STS has worked alongside and grappled with the theories, practices, and scholarly identities of ethics. This panel examines encounters between STS and ethics across time with the aim to build common ground between these traditions in the making of just human-technology futures.

Long Abstract:

Since its earliest days, STS has worked alongside and grappled with its relationship to the theories, practices, and scholarly identities of ethics. Expanding the understanding of ethics' role in the context of science and technology, STS scholarship has contributed to the analysis of S&T ethical practices as modes of expertise and forms of governance.

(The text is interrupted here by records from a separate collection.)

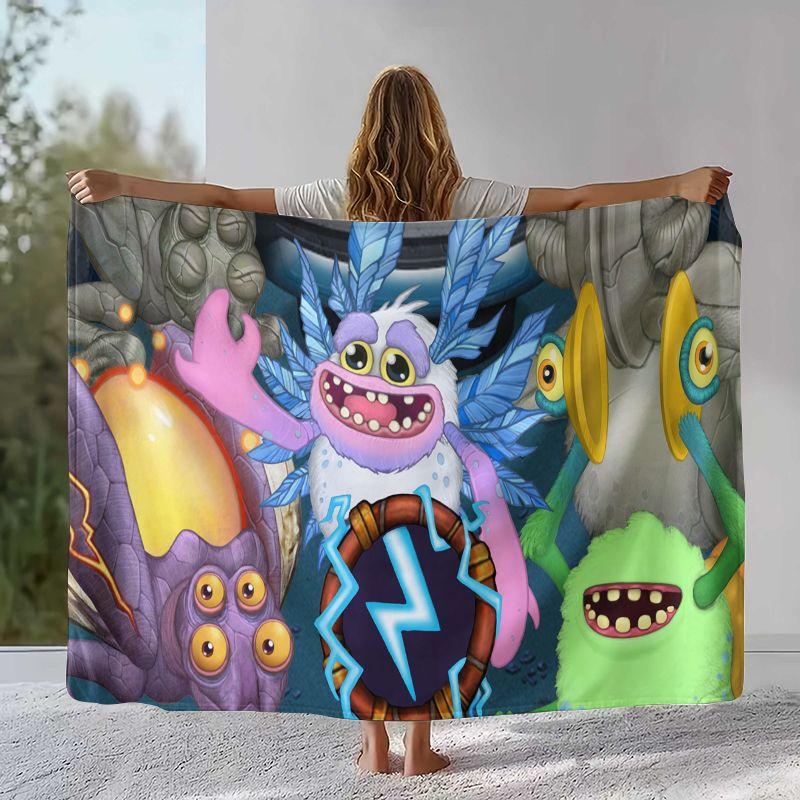 Music Game My Singing Monsters Flannel Blanket,Ultra Soft Warm Plush Throw for Home Bedroom Bed Sofa Cover Office Camping Picnic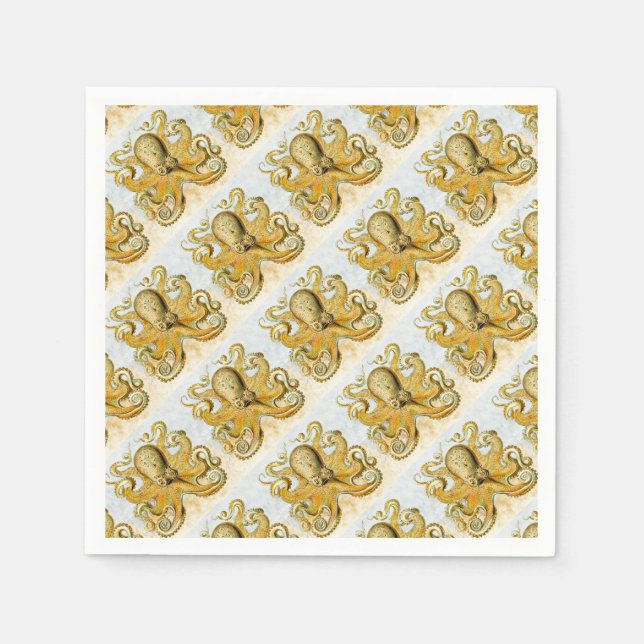 Painted Nautical Octopus Kraken Squid Napkin (Front)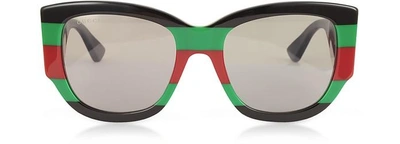 Shop Gucci Designer Sunglasses Gg0276s Color Block Oversize Cat Eye Acetate Sunglassesw/sylvie Web Temples In Noir/ Gris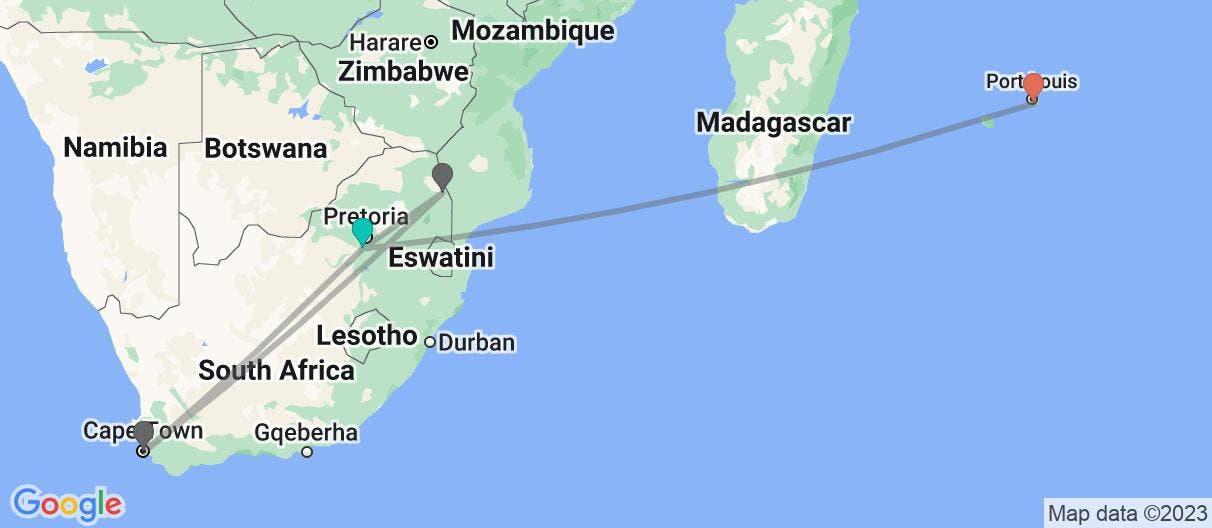 Map of Cape, Kruger & All-Inclusive Island Escape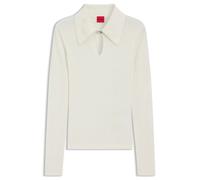 HUGO Pullover mit Polokragen aus Woll-Mix mit Kaschmir - Style Sdropa, 50562687 Natur XL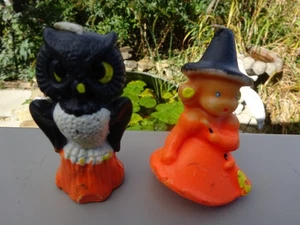 Two Vintage Halloween GURLEY CANDLES -  little orange witch + owl on tree stump - Picture 1 of 4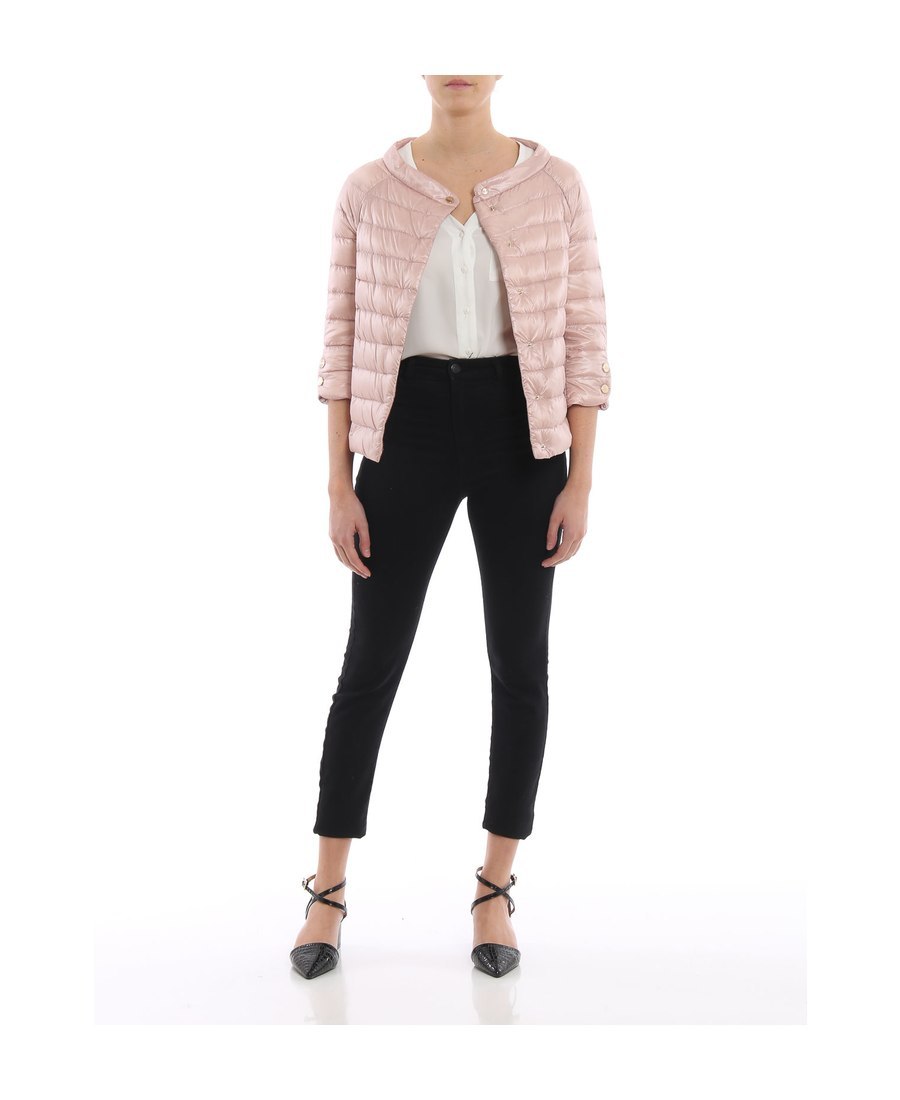 Herno Snap Button Padded Jacket In Nude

Meanwhile, central STS concepts and frameworks such as co-production, sociotechnical imaginaries, and ANT have contributed to empirically more nuanced understandings of the central concerns of moral philosophy, such as human agency, responsibility, and visions of the good. This panel invites papers that investigate relations between STS and realms of theory and practice known as "ethics" broadly construed (including: traditions of Western moral philosophy, critical ethical theories such as feminist care ethics, narrative ethics, and post-colonial and cosmopolitan ethics, empirical modes of ethical inquiry in moral anthropology and moral psychology, institutionalized modes of distributive justice, and applied ethics initiatives disseminated in technoscientific practice and pedagogy). What are the formative sites of encounter between ethics and STS across time? How do we characterize the contemporary relationship between STS and ethics? How can encounters between STS and ethics generate experimental modalities of normativity? How might these encounters engage in both critical inquiry and construction? How can STS and ethics, recognizing and respecting their differences, contribute towards the contemporary need—amidst urgent challenges—to foster situated encounters on common ground? How might these modes of inquiry make the move from spaces of situated, interpersonal encounters to normative political projects of transformation in technoscientific societies?